[Dataset records]
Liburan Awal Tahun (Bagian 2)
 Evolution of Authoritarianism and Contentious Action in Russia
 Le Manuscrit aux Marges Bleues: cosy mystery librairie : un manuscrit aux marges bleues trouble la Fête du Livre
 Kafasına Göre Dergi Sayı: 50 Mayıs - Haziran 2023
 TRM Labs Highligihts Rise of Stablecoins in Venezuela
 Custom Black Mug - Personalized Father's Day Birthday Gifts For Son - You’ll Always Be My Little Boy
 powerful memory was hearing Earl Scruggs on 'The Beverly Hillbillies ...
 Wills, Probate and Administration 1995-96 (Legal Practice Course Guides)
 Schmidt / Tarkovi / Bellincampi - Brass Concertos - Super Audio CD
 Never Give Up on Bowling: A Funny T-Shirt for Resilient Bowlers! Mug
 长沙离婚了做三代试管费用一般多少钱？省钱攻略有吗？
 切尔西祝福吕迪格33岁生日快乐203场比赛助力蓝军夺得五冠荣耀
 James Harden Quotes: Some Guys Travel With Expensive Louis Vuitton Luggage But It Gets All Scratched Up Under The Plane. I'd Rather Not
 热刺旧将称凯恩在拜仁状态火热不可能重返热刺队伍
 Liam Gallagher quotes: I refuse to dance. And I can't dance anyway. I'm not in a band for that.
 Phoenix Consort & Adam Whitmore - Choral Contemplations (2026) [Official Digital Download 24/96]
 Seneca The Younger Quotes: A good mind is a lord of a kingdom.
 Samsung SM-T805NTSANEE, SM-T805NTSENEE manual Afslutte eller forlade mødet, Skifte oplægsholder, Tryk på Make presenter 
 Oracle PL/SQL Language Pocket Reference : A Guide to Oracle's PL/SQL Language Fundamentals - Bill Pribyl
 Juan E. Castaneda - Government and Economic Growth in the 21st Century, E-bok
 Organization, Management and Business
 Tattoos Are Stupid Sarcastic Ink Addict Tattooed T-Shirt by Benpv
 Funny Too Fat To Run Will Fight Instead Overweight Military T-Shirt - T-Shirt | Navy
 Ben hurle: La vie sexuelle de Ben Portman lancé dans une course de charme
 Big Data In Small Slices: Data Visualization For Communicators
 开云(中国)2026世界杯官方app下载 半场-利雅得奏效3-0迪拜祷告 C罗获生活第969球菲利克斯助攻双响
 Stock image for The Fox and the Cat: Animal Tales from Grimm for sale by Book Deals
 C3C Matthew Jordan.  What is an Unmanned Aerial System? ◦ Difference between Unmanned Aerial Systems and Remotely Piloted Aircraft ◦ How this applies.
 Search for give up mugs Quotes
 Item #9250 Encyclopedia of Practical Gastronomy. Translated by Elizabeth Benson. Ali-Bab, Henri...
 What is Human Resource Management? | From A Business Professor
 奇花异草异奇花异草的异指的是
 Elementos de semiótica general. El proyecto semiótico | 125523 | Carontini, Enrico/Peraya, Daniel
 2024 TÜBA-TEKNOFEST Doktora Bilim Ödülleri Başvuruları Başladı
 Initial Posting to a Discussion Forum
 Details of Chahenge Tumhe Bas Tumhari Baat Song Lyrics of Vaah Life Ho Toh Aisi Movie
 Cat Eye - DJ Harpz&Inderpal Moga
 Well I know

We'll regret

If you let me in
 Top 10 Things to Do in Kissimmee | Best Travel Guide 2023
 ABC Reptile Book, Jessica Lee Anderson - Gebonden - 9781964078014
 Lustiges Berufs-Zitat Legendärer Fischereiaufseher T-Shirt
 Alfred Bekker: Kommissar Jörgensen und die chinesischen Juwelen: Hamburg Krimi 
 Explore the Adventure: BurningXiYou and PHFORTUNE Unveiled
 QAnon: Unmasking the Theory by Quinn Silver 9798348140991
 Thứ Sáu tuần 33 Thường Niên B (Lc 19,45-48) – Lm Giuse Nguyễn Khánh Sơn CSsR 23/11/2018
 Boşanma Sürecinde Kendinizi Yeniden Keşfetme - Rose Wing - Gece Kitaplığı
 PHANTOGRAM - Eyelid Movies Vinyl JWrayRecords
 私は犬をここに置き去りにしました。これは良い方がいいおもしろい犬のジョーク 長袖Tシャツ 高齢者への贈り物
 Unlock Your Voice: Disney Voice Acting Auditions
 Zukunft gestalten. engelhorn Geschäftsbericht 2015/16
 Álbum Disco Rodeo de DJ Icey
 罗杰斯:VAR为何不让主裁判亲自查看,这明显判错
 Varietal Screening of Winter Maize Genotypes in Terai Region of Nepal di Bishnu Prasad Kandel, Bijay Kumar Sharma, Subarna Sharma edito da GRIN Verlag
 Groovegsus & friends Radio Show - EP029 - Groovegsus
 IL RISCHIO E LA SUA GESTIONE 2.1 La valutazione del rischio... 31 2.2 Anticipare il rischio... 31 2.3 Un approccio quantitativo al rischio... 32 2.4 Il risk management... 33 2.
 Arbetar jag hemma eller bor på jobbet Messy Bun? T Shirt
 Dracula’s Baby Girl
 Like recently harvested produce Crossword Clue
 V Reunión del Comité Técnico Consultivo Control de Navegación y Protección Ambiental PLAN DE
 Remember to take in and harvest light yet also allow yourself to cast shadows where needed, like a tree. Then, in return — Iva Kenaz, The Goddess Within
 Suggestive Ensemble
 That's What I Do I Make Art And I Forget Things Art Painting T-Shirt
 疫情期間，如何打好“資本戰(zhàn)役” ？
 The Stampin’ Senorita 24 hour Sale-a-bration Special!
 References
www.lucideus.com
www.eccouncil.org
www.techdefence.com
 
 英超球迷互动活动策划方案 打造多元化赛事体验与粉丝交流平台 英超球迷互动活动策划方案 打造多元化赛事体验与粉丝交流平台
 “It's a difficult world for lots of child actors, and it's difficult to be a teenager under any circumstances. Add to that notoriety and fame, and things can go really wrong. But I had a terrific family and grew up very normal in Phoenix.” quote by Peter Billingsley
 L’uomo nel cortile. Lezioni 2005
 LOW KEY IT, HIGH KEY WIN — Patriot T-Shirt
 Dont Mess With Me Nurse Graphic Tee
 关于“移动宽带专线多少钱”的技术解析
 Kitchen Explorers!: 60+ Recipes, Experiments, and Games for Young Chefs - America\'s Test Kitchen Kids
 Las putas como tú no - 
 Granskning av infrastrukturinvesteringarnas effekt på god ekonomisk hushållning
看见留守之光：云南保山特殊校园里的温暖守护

*INSTRUCTIONS TO FOLLOW*. Only those lines of the entries above that run from the line containing "Arbetar jag hemma" to the line containing "英超球迷互动活动策划方案 打造多元化赛事体验与粉丝交流平台 英超球迷互动活动策划方案", both included, should be transcribed exactly.

*OUTPUT BELOW*.
 Arbetar jag hemma eller bor på jobbet Messy Bun? T Shirt
 Dracula’s Baby Girl
 Like recently harvested produce Crossword Clue
 V Reunión del Comité Técnico Consultivo Control de Navegación y Protección Ambiental PLAN DE
 Remember to take in and harvest light yet also allow yourself to cast shadows where needed, like a tree. Then, in return — Iva Kenaz, The Goddess Within
 Suggestive Ensemble
 That's What I Do I Make Art And I Forget Things Art Painting T-Shirt
 疫情期間，如何打好“資本戰(zhàn)役” ？
 The Stampin’ Senorita 24 hour Sale-a-bration Special!
 References
www.lucideus.com
www.eccouncil.org
www.techdefence.com
 
 英超球迷互动活动策划方案 打造多元化赛事体验与粉丝交流平台 英超球迷互动活动策划方案 打造多元化赛事体验与粉丝交流平台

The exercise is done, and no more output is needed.